Vote-rigging during legislative and district council elections may be deterred by removing a six-month time limit on prosecuting suspected offenders, the government has proposed.
It also suggests extending public checks on the list of registered voters from two weeks to four weeks, to allow people more time to respond if they have been left out of the list or find any inaccuracy or outdated information.
Lawmakers will discuss the ideas, submitted yesterday by the Constitutional and Mainland Affairs Bureau, on Monday.
The proposed law revisions came after scores of people were convicted of election-related crimes such as registering false addresses to vote in a constituency they did not belong to.
Democratic Party chief executive Lam Cheuk-ting said he was disappointed the government did not intend to consider raising the penalty for declaring a false address. Nor would it consider a pan-democratic suggestion to unify law enforcement powers on election fraud under the Independent Commission Against Corruption, which now shared the responsibility with the police, noted Lam, a former graft-buster.
"The government is simply sending a message to the public that it lacks the intention to toughen up against such illegal behaviour," he said.
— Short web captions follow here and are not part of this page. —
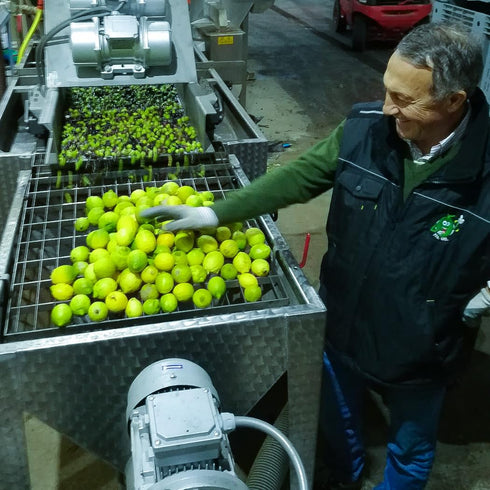 Galbasa 16.9 oz - Organic Lemon Oil from Sicily, Italy - First Cold Pressed Extra Virgin Olive Oil and Fresh Lemons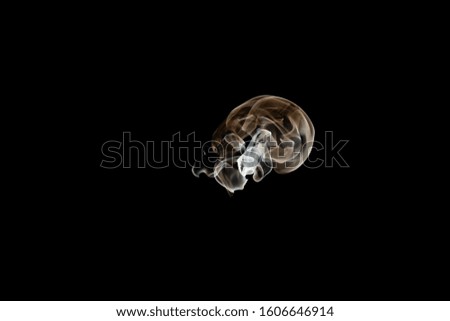 tongues flaming in the shape of a skull on a black background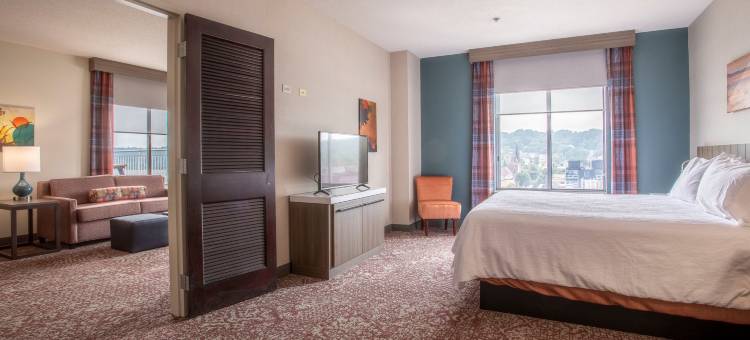 曼凯托希尔顿花园酒店(Hilton Garden Inn Mankato Downtown)图片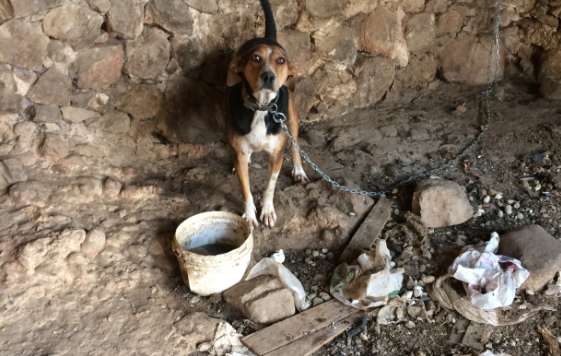 Συνελήφθη άνδρας στον Αποκόρωνα – Βρέθηκαν κακοποιημένα τα σκυλιά του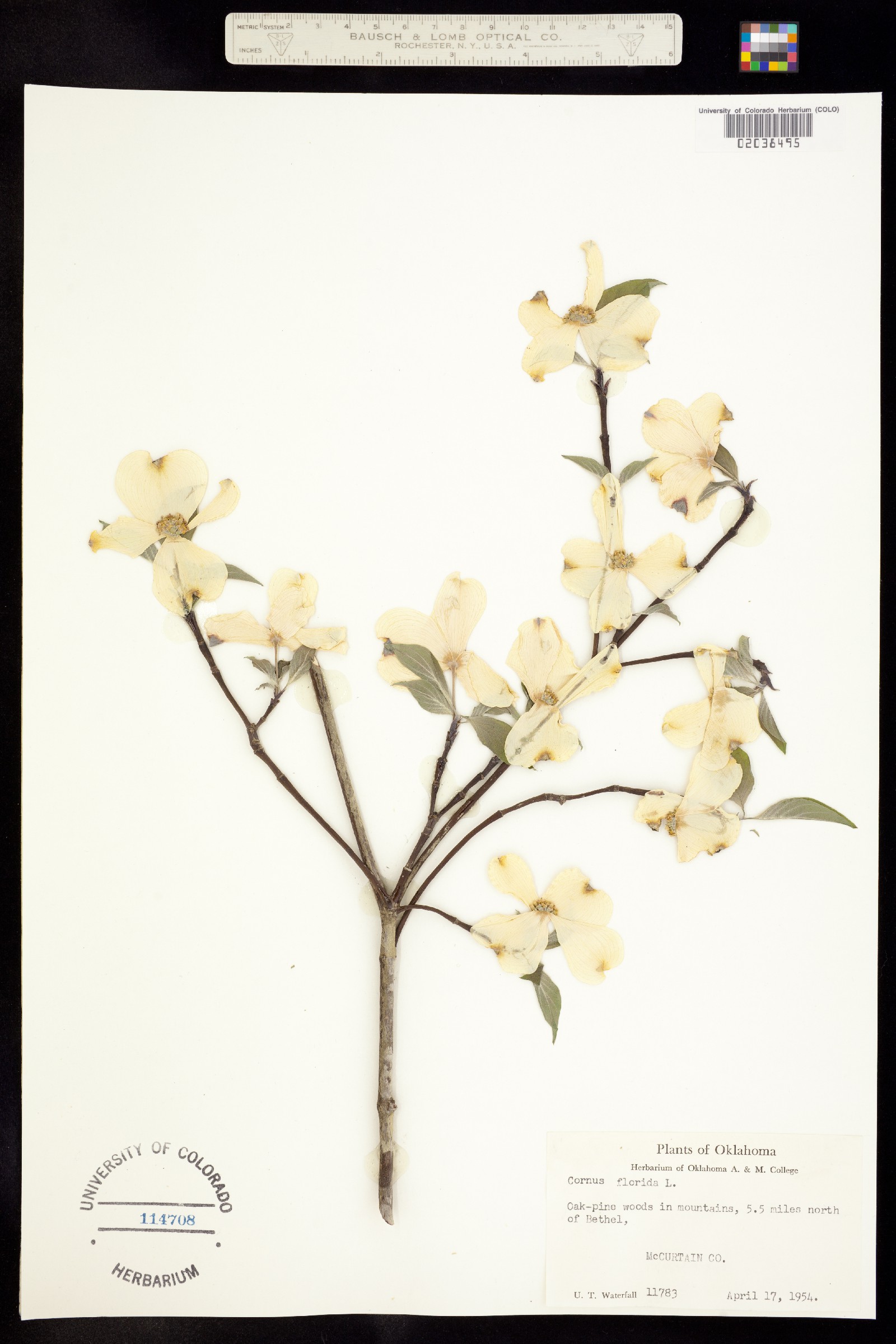 Cornus florida image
The government conducts a two-month voter registration exercise to sign up new voters and allow for data updates, such as reporting on people who have died. A provisional voter register is then put out for the public to check that everything is in order.
The two laws governing legislative and district council elections are the Electoral Affairs Commission Regulation and the Elections Ordinance.
The regulation, which is enforced by the police, bans people from making false statements when they register as voters. Offenders face a HK$5,000 fine and six months in jail - provided they are charged within six months of the end of the ballot.
The ordinance, enforced by the ICAC, makes it illegal for a voter to cast a ballot in a constituency that is not their own. It has a stiffer penalty of a HK$500,000 fine and seven years in jail.
Pan-democrats have been calling for making the ICAC the sole agency for fighting vote-rigging. The bureau, which oversees the election authorities, has insisted the "division of labour has been working well" and is worried about overloading the ICAC.
Lam's party colleague, lawmaker Wu Chi-wai, supports unifying the roles as he believes the police will make fighting serious crime their priority. Splitting the responsibilities could also create uncertainties and redundancies during investigations, he said.
The government plans to table the amendments by July.
Voting fraud marred elections in Central and Western District and Yau Tsim Mong in 2011. In the King's Park constituency of Yau Tsim Mong, 45 people were convicted for registering false addresses and other crimes. Its councillor, Edward Leung Wai-kuen, was also unseated by a High Court ruling.